DATA SECTION:
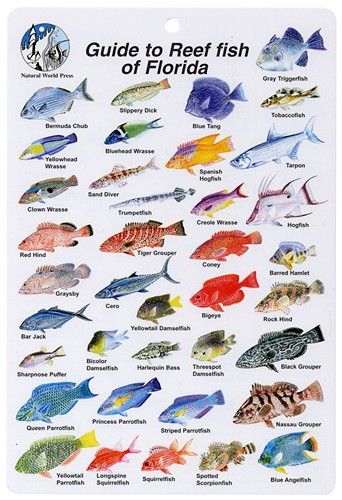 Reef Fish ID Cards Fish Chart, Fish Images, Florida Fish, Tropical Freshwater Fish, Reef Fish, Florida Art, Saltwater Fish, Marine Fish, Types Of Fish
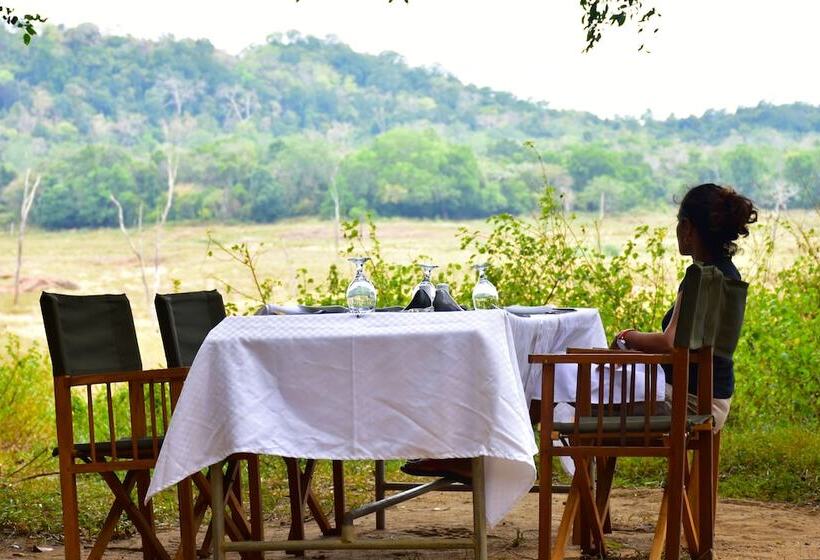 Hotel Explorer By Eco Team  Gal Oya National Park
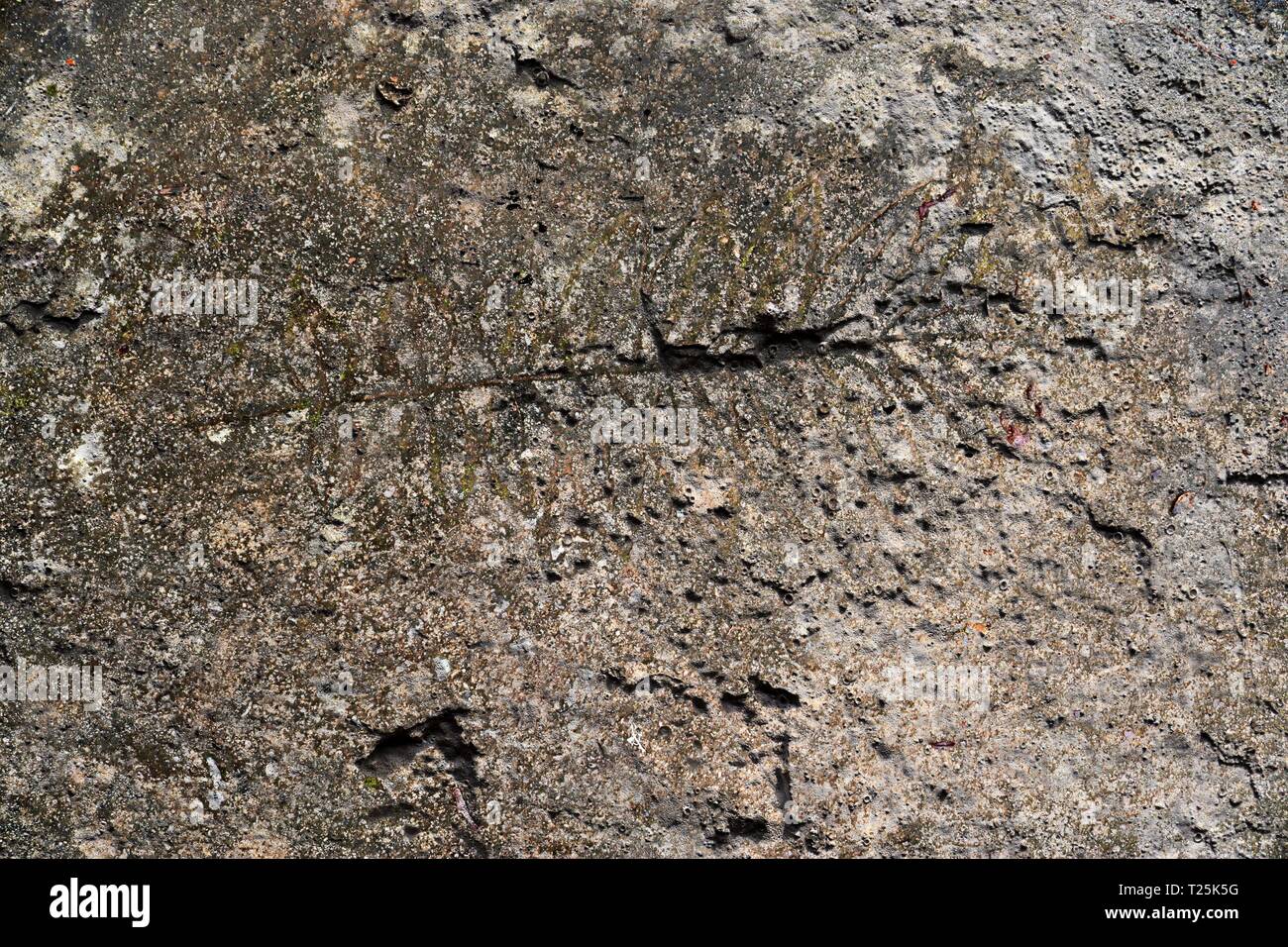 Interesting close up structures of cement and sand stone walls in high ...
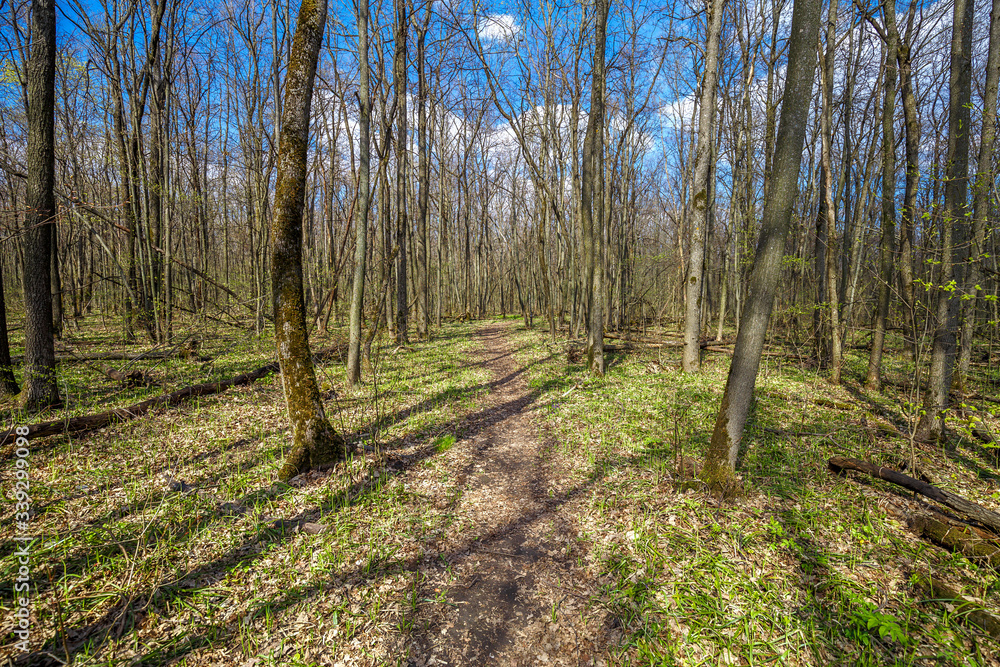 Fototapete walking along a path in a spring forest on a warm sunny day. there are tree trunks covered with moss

TASK DIRECTIONS:
A word-for-word copy is needed, starting at the first line of the listing and ending with the line bearing "Interesting close up". No pictures.

ANSWER FOR THIS EXERCISE:
 Reef Fish ID Cards Fish Chart, Fish Images, Florida Fish, Tropical Freshwater Fish, Reef Fish, Florida Art, Saltwater Fish, Marine Fish, Types Of Fish
 Hotel Explorer By Eco Team  Gal Oya National Park
 Interesting close up structures of cement and sand stone walls in high ...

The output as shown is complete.